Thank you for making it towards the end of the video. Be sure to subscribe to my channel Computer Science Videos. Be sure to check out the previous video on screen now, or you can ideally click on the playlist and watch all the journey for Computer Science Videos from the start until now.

---

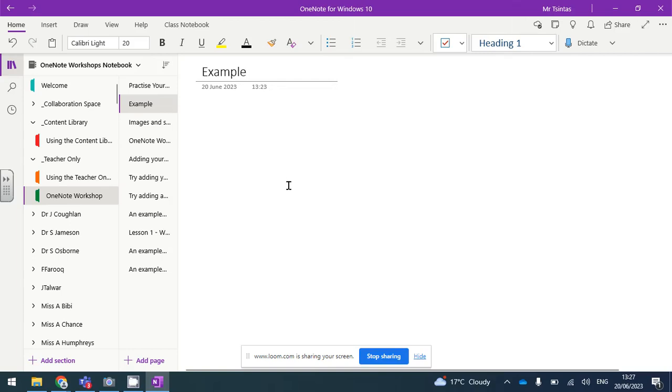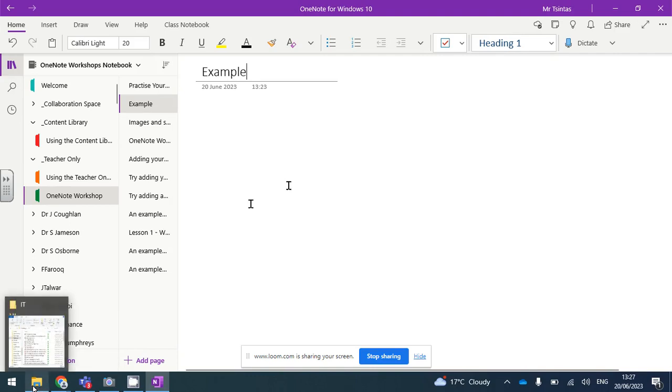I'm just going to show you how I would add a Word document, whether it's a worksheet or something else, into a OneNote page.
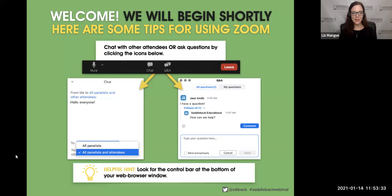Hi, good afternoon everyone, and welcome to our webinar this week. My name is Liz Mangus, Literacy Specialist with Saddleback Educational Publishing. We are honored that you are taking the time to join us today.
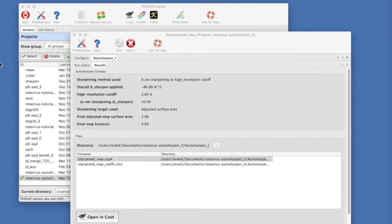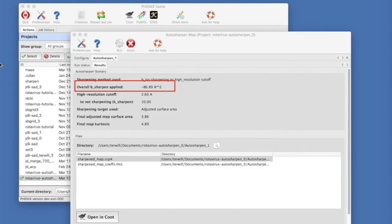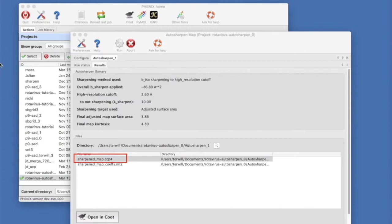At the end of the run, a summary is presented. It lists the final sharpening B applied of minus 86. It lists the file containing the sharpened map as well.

* * *

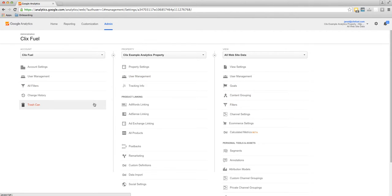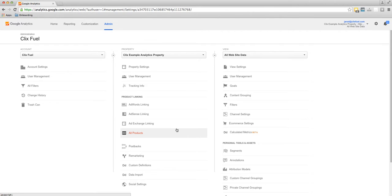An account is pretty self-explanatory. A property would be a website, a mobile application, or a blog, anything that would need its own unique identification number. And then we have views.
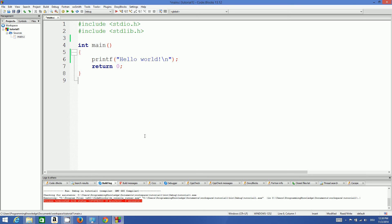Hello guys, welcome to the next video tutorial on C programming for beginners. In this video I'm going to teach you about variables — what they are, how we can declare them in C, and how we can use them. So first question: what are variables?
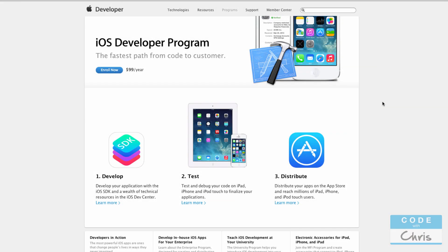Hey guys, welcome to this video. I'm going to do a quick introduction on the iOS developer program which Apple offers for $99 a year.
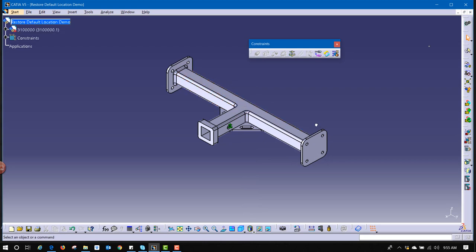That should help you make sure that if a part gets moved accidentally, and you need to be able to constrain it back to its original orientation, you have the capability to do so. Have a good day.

Exercise prompt => Your answer must be everything above from the line with "Hi, good afternoon" down to the line with "At the end of", word for word, and no pictures.

Expected answer =>
Hi, good afternoon everyone, and welcome to our webinar this week. My name is Liz Mangus, Literacy Specialist with Saddleback Educational Publishing. We are honored that you are taking the time to join us today.
At the end of the run, a summary is presented. It lists the final sharpening B applied of minus 86. It lists the file containing the sharpened map as well.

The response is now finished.